The Dad Joke my kids like best is when someone gets personal in an online argument and I type “Jesus loves you. Everyone else thinks you’re an asshole.”  

If you’re an asshole and you get cancer, it’s colon cancer no matter what kind of cancer it is is another Dad Joke.  

Cancer’s no joke no matter how you slice it. The question: “Can you cut it out?” The answer: “I think I can, sir.”  

Cancer’s no joke, but my dad got it.  

“No, you probably won’t be able to play piano after this,” the surgeon told my dad. “(A) You’ll probably be dead, and (B) I know you never could play piano, because I’ve heard this Dad Joke before.”  

What do you get when you cross a Dad Joke with an elegy? Seriously, what? This is not rhetorical. This is not a joke.  

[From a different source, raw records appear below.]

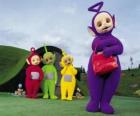 Po, Laa-Laa, Dipsy and Tinky-Winky with his red bag in front of your house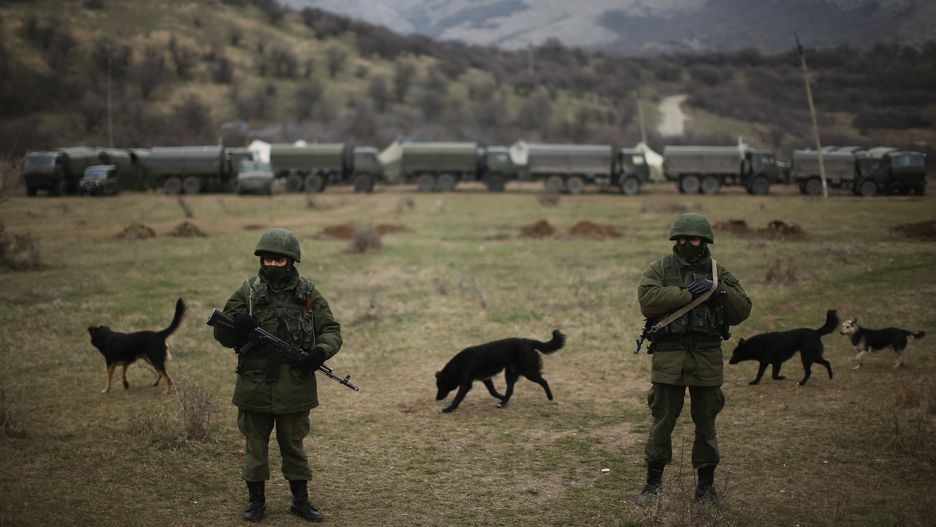 Tensions Grow In Crimea As Diplomatic Talks Continue
SIMFEROPOPL, UKRAINE - MARCH 12:  Armed men believed to be Russian military patrol outside a Ukrainian military base on March 12, 2014 in Simferopol, Ukraine. As the standoff between the Russian military and Ukrainian forces continues in Ukraine's Crimean peninsula, world leaders are pushing for a diplomatic solution to the escalating situation. Crimean citizens will vote in a referendum on 16 March on whether to become part of the Russian federation.  (Photo by Dan Kitwood/Getty Images)
Dan Kitwood
Conflict, War, bestof, bestof, topics, topics, topix, topix, toppics, toppics, toppix, toppix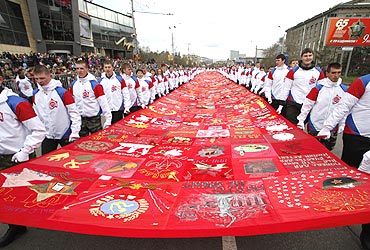 People carry a 44-meter banner made of 516 small flags created in Russia's Siberian settlements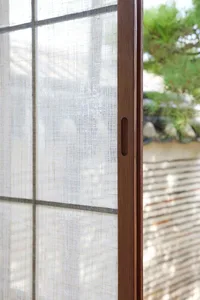 A close-up of a traditional window with a wooden frame, showcasing the texture and craftsmanship.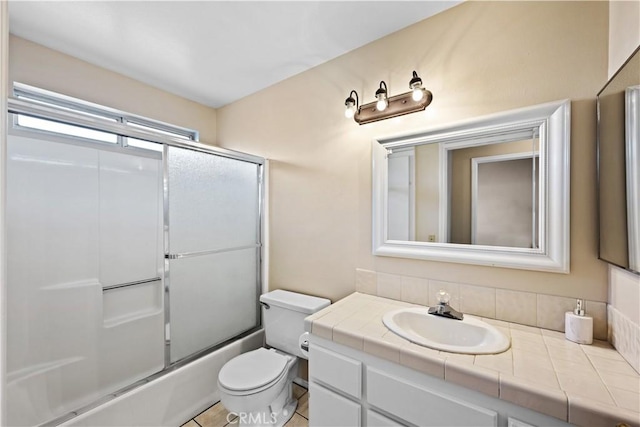 30340 Channel Way Dr, Canyon Lake, CA 92587 - full bathroom featuring vanity, enclosed tub / shower combo, and toilet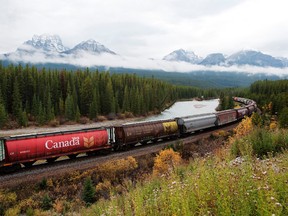 Rail cars loaded with Canadian wheat travel through the Rocky Mountains on the Canadian Pacific Railway Ltd. line near Banff, Alta.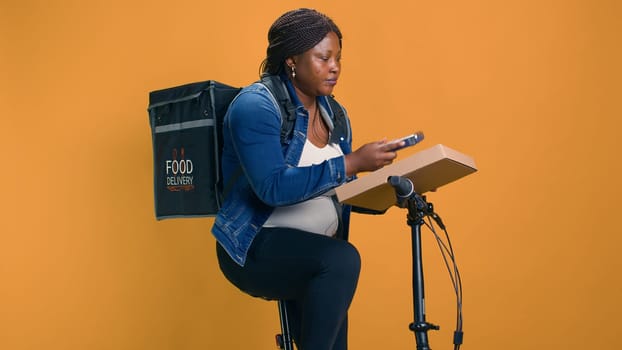 Black woman delivers takeout orders on bicycle, utilizing wireless payment device for seamless transactions. African american delivery person taking pos machine from pocket for contactless pay.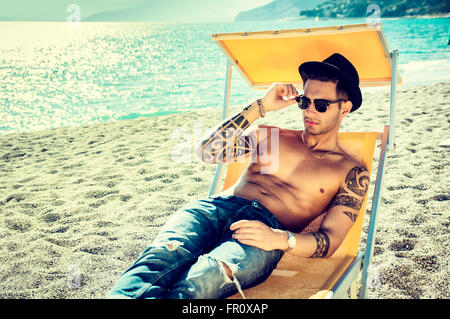 Young handsome man on beach portant sur un transat et de repos de la capture d'un tan. Arrière-plan sur la mer Banque D'Images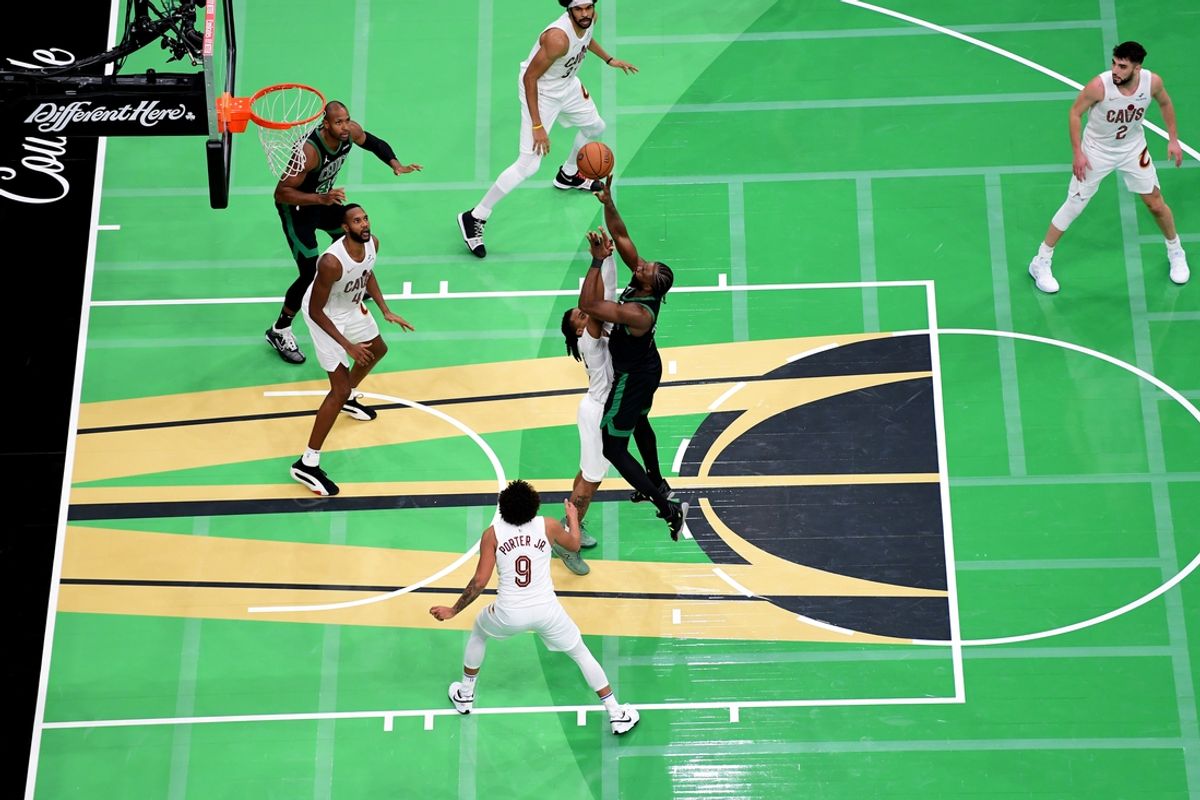 Nov 19, 2024; Boston, Massachusetts, USA;  Boston Celtics guard Jaylen Brown (7) shoots the ball while Cleveland Cavaliers guard Darius Garland (10) defends during the second half at TD Garden. Mandatory Credit: Bob DeChiara-Imagn Images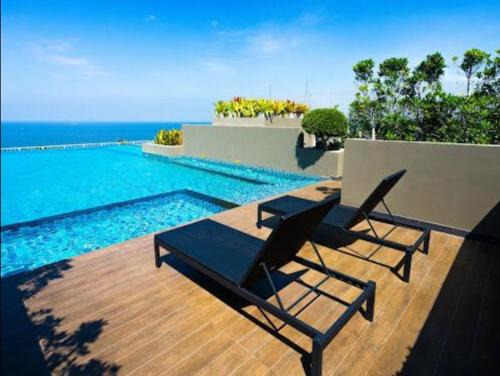 Saen Suk Apartment | Relax at The Blu X Seaview: Family-Friendly Pool Retreat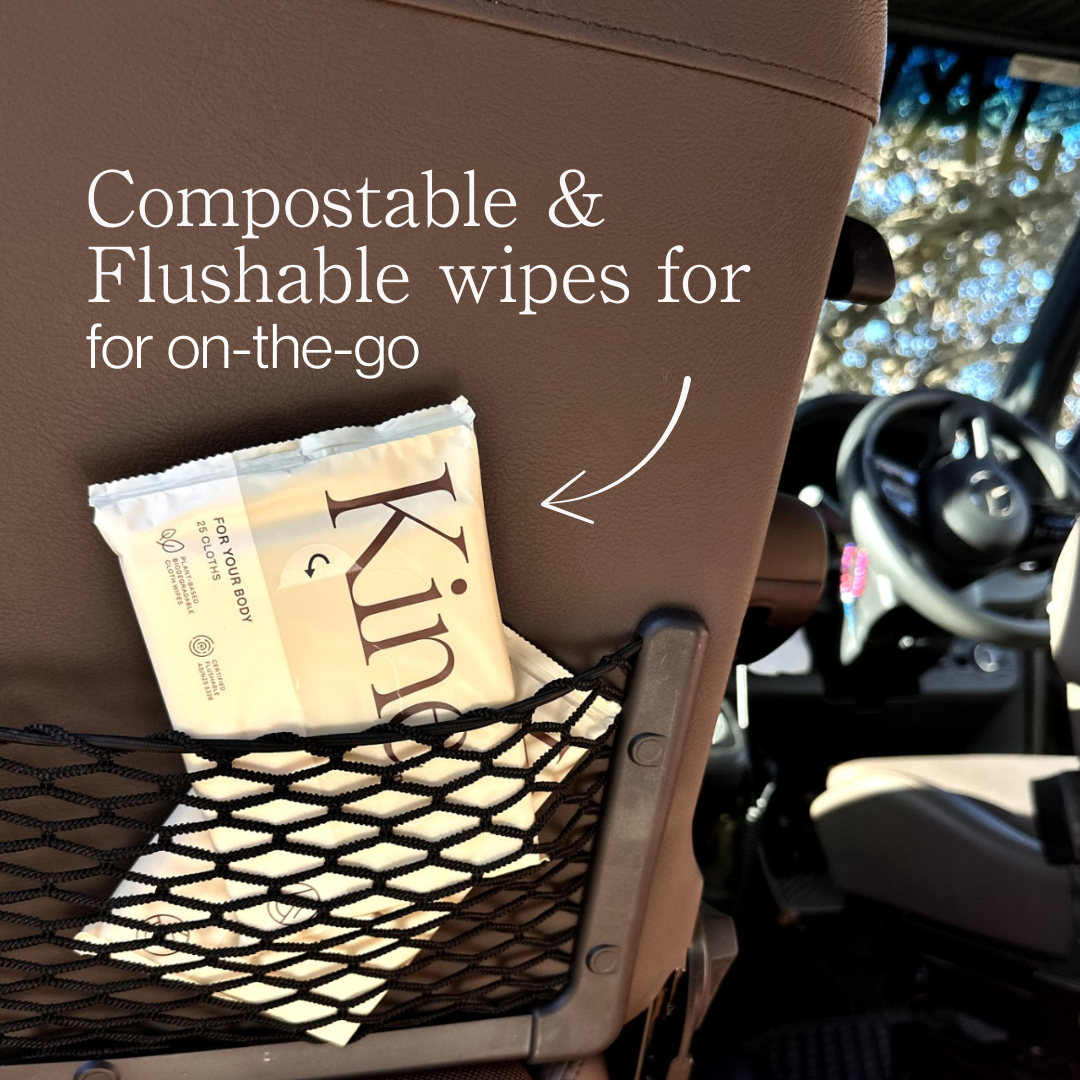 Kine compostable and flushable wipes package in a car's netted storage area.Travel wet wipes, travel wipes flushable, on-the-go wipes, certified flushable AS/NZS 5328. Travel wet wipes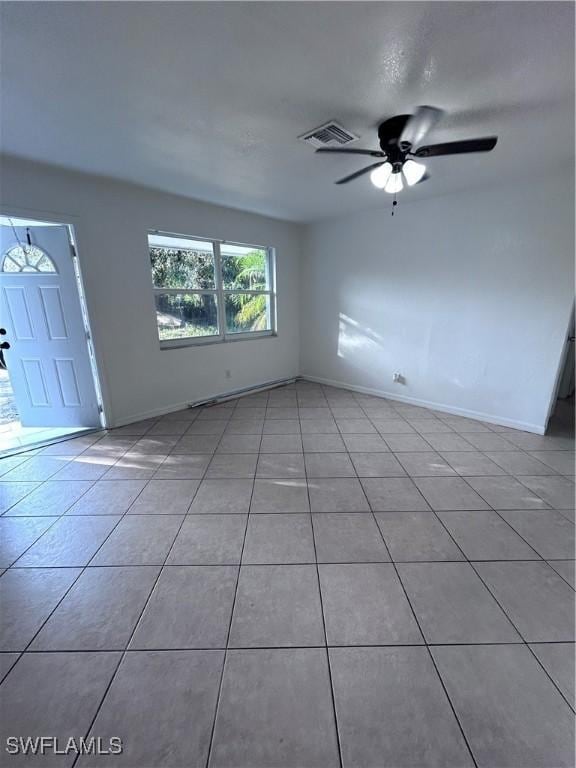 interior space with ceiling fan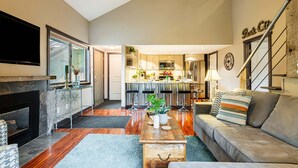 A modern living room with a fireplace, a sofa, a coffee table, and a kitchen in the background. - Remodeled with Community Amenities in the Canyons Village (Park City)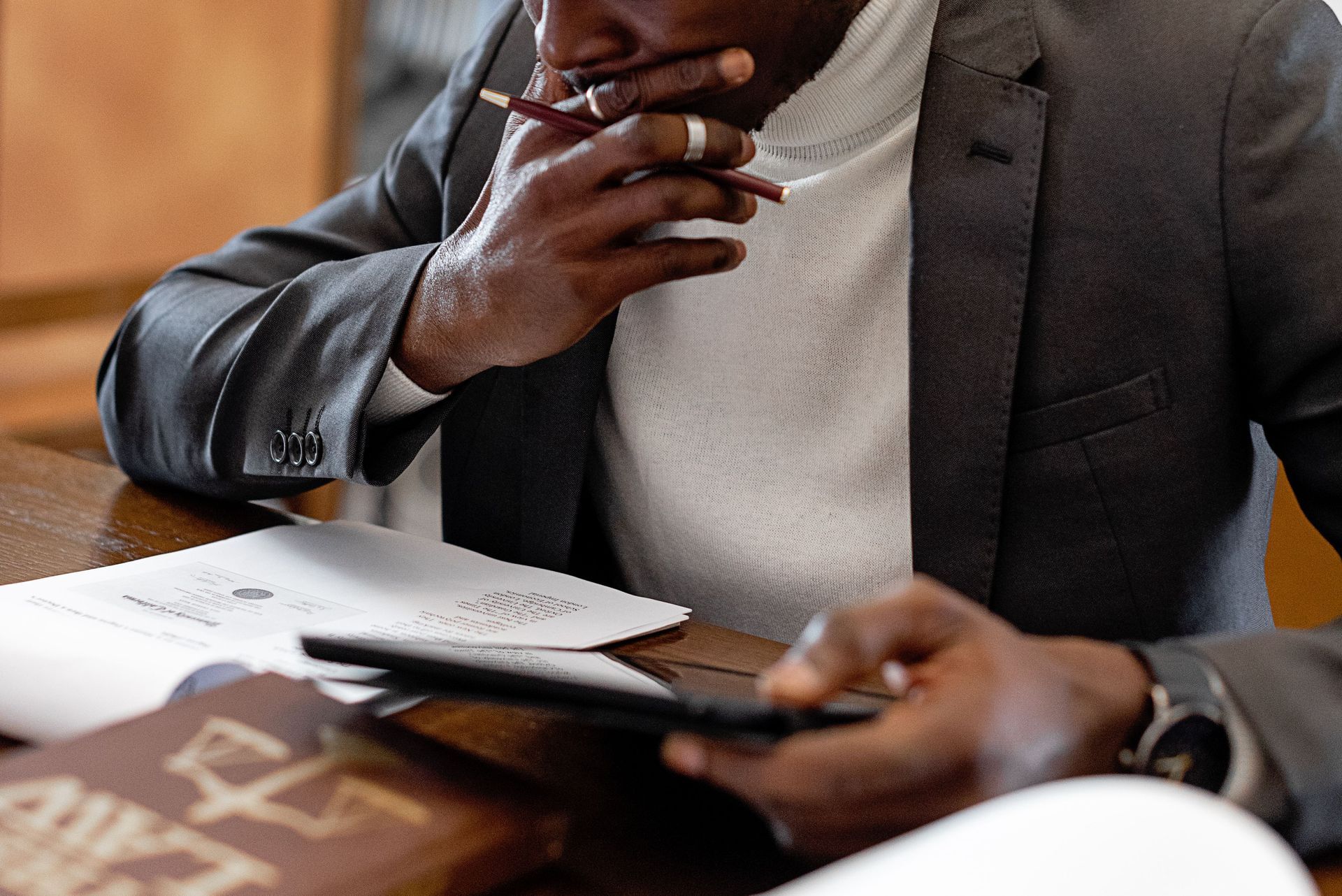 Person in a blazer using a phone at a desk with papers and a notebook nearby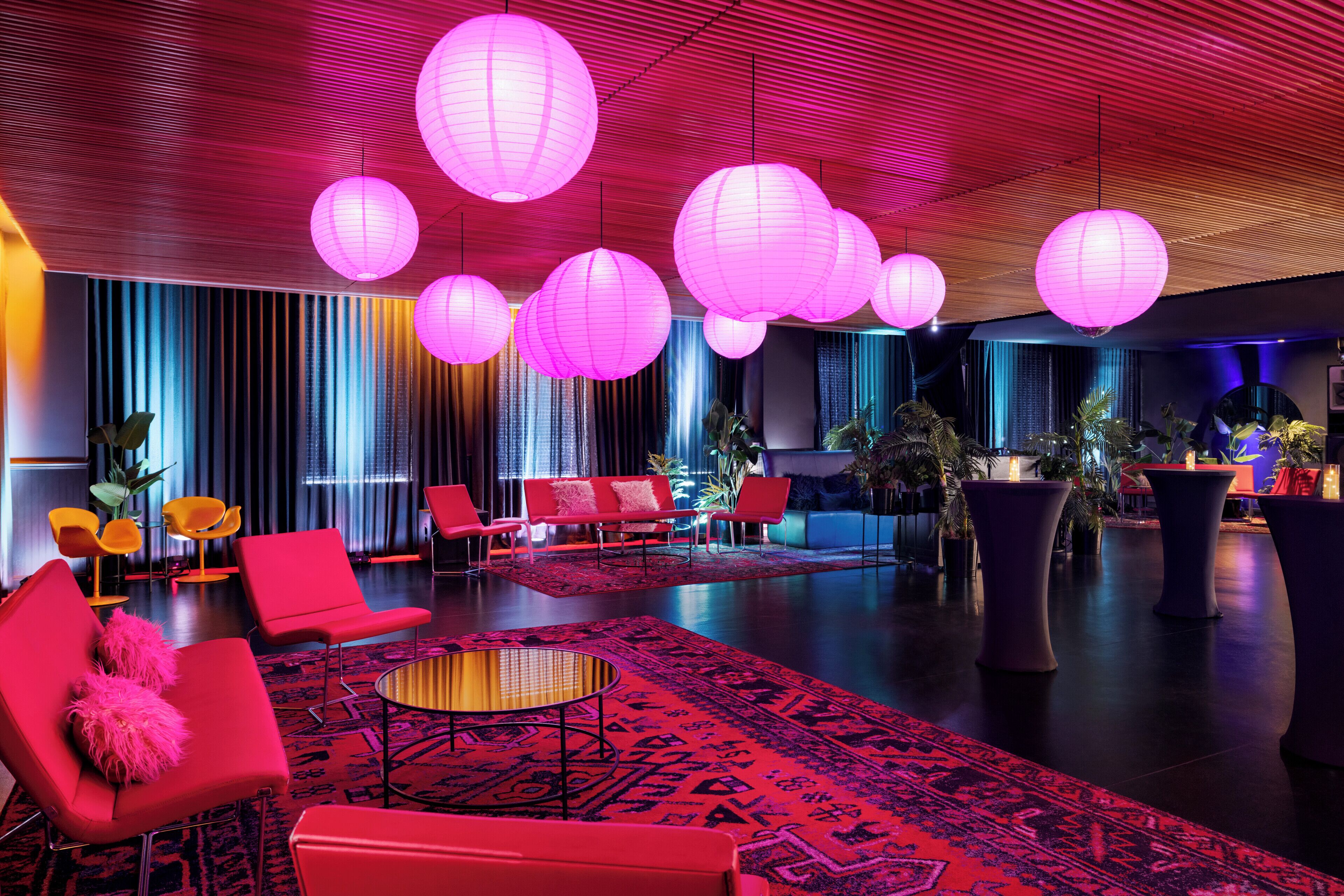 A modern lounge area with red and pink seating, large round tables, and decorative paper lanterns.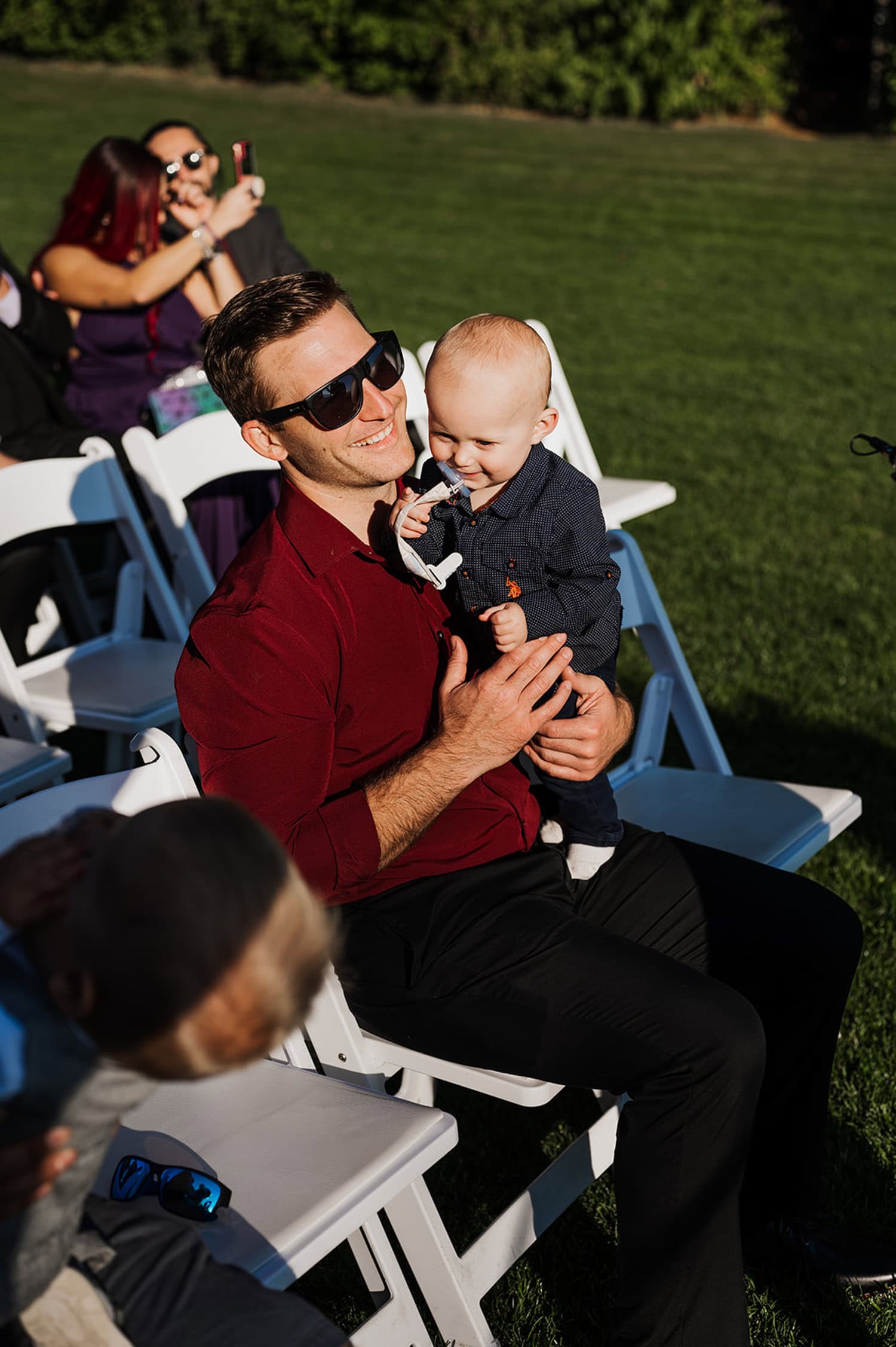 Man in sunglasses holding a smiling baby while seated outdoors on white chairs, with people mingling in the background at Gorge Crest Vineyards.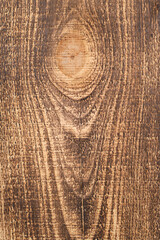 Background is burnt pine board close up with pronounced wood texture.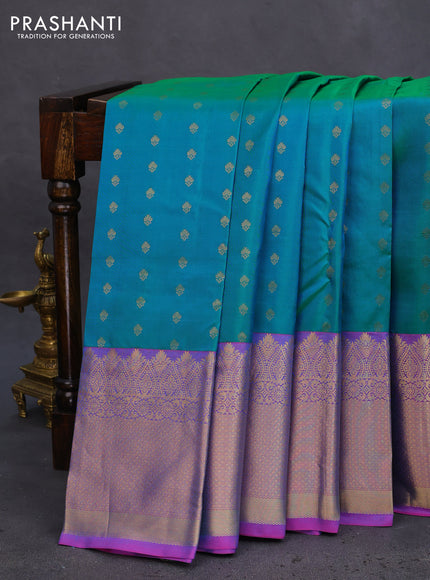 Pure kanchipuram silk saree dual shade of teal green and purple with zari woven buttas and zari woven border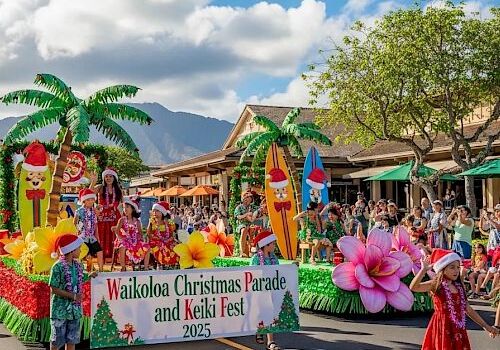 A festive parade on a sunny street with a colorful float reading “Waikoloa Christmas Parade and Ukulele Fest 2025,” tropical decor, performers, and spectators.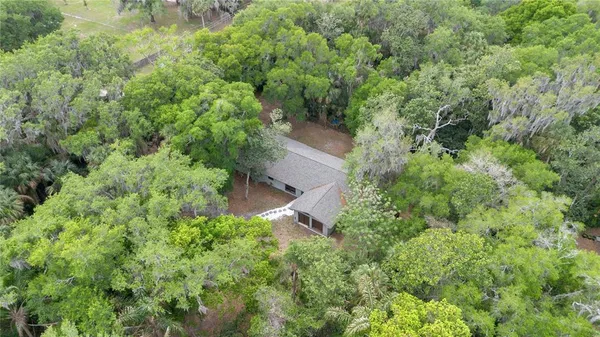 an aerial view of residential house with outdoor space and trees all around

If you’ve heard this one before, you know how it ends. Not with a punchline but a punch in the face.  

You’ll tell your kids that their grandpa’s in Heaven, or if you’re not religious, you may say he’s in Vegas or Brazil.  

The Dad joke is that when I hear someone walking into the room, I pretend I’ve been talking about them, e.g. “That’s why you should always listen to your Mom, kids,” if it’s my wife, or “That’s why your sister is my favorite,” if it’s my daughter, or if it’s my dad, well, who am I kidding? My dad’s not walking into the room.  

If your dad was like mine, he wouldn’t have gotten the Dad joke about Rene Descartes walking into a bar. The bartender asks if he’d like a drink, and he says “I think not,” so he disappears.  

Why did the chicken cross the plane from this world to the next? Because he couldn’t quite make it across the road.   Knock knock. Who’s there? Dad? No one’s there. Not funny. At all.  

One day you ask your dad to subtract two from two, and he says nothing. Okay, subtract one from one, you say, and he says nothing. Okay, but what if you multiply nothing by nothing, you ask, and your dad, all out of jokes at last, says nothing, nothing, nothing. Because it’s true, but also because he’s disappeared, because he’s crossed to the other side, because he’s dead, because it gets told with astonishment, with resignation it gets told, with sadness and with regrets, it gets told and retold, because it gets old, it gets so very old, like your dad, and because this isn’t funny at all, which makes it a legit dad joke.